The meaning of the codes in that drop-down list is shown below:
|d||day, written as a one or two-digit number|
|dd||day, written as a two-digit number, with leading zero if needed|
|Mmmm||month, written out in mixed case, e.g. January|
|Mmm||month, written as a three-letter abbreviation in mixed-case, e.g. Jan|
|MMM||month, written as a three-letter abbreviation in upper-case, e.g. JAN|
|mm||month, written as a two-digit number with leading zero if needed, e.g. 01|
|yyy||year, written as a three or four-digit number|
|yyyy||year, written as a four-digit number, with leading zero for years before 1000|
All the formats on the list separate the day, month, and year with spaces, except for the bottom one which separates them with hyphens.
Generally you would set this date to the format you will use most often, perhaps the one you want to use when pasting dates into a date field in your genealogy program.
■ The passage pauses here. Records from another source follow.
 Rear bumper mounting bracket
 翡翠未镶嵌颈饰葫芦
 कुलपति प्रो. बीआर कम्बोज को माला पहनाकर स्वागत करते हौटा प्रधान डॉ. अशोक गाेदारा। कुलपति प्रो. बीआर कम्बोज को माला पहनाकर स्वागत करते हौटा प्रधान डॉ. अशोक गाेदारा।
You may need dates in different formats for a specific application, say for use in a filename for saving an image file. You can do that by creating a Text Template, as described in my Template Basics article, using a date Transformation, as described in my article on Transformations. You will then be able to copy and paste the date in that format when needed.
The Quarter Date Format is used for those records that are recorded in "quarter dates" rather than full dates, and works similarly.
The remainder of the OraSettings window is used to create and manage Templates, which are described in my articles on Templates, starting with the one Template Basics.
This article describes only basic "out-of-the-box" functions of ORA – the Record Status feature and copying individual data items from the Control Panel to paste them into your genealogy or other program. ORA can do much more to save you time and reduce typing errors in recording data from online services. To see how, please see the other articles in this Section.
In particular, I suggest you explore simple Templates, which are described in my article on Template Basics. They allow you to copy the data in a different format than the way it's recorded with a single click, and paste it into your genealogy program just the way you prefer. Perhaps you want a date in a different format; to pull city, county, and state individually out of a field that contains all of them, or the reverse; or to add bit of "standard" text you like around one or more items of data. Simple Templates you can do that and more.
In addition to my articles, the ORA help pages are a rich source of details about the available features.